Start of Block
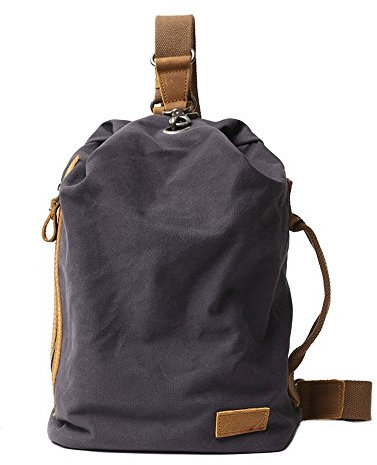 Neuleben Vintage Sling Rucksack Schulterrucksack Canvas Daypack Brusttasche Retro Schultertasche Klein Damen Herren für Reise Outdoor Sport Freizeit (Dunkelgrau)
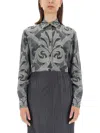 Etro Silk Printed Shirt With Classic Collar In Multicolour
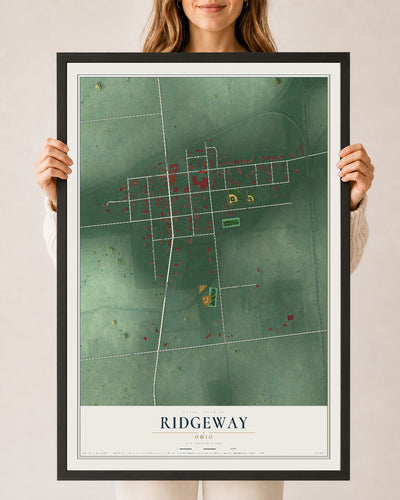 Map of Ridgeway, Ohio, 24 x 36 inch print in a black wood frame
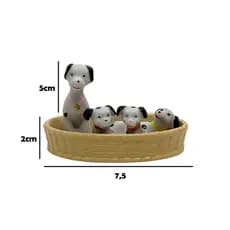 Miniatura Familia Dalmata Pequena Enfeite Decoração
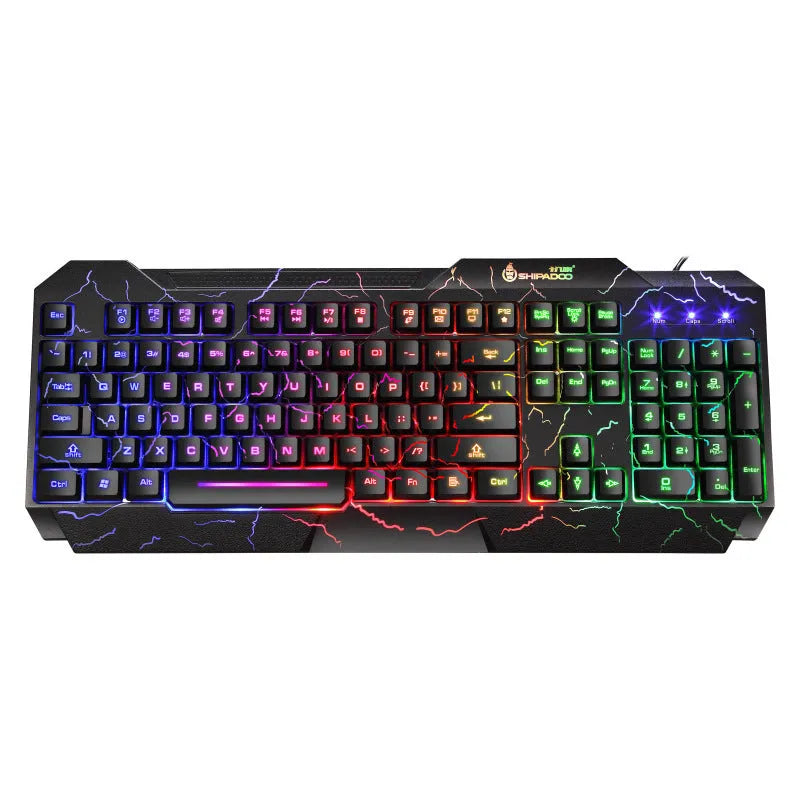 4D wired gaming keyboard and mouse set with USB, 2400dpi optical mouse, backlight, 1.5m cable, SET1 or SET2 colour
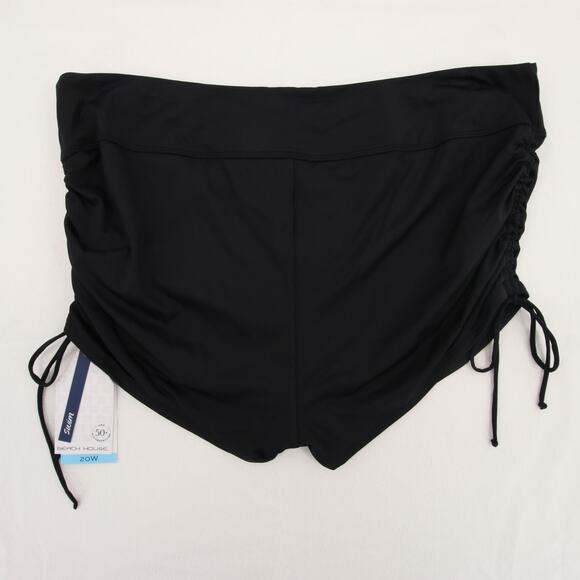 Beach House Swim Shorts Black Ruched Adjustable Side Tie Up UPF Modest 20W NWT - Picture 15 of 15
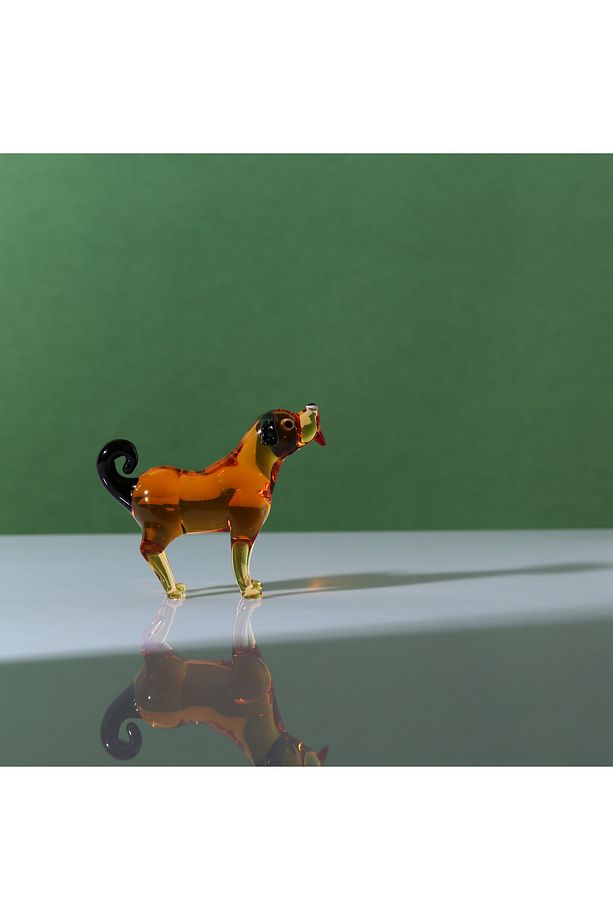 Kahverengi Köpek Cam Biblo - Küçük Boy - 2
End of Block
● **Action item**
Apart from the pictures, set down all the entries above exactly.

● **Output**
 Neuleben Vintage Sling Rucksack Schulterrucksack Canvas Daypack Brusttasche Retro Schultertasche Klein Damen Herren für Reise Outdoor Sport Freizeit (Dunkelgrau)
 Etro Silk Printed Shirt With Classic Collar In Multicolour
 Map of Ridgeway, Ohio, 24 x 36 inch print in a black wood frame
 Miniatura Familia Dalmata Pequena Enfeite Decoração
 4D wired gaming keyboard and mouse set with USB, 2400dpi optical mouse, backlight, 1.5m cable, SET1 or SET2 colour
 Beach House Swim Shorts Black Ruched Adjustable Side Tie Up UPF Modest 20W NWT - Picture 15 of 15
 Kahverengi Köpek Cam Biblo - Küçük Boy - 2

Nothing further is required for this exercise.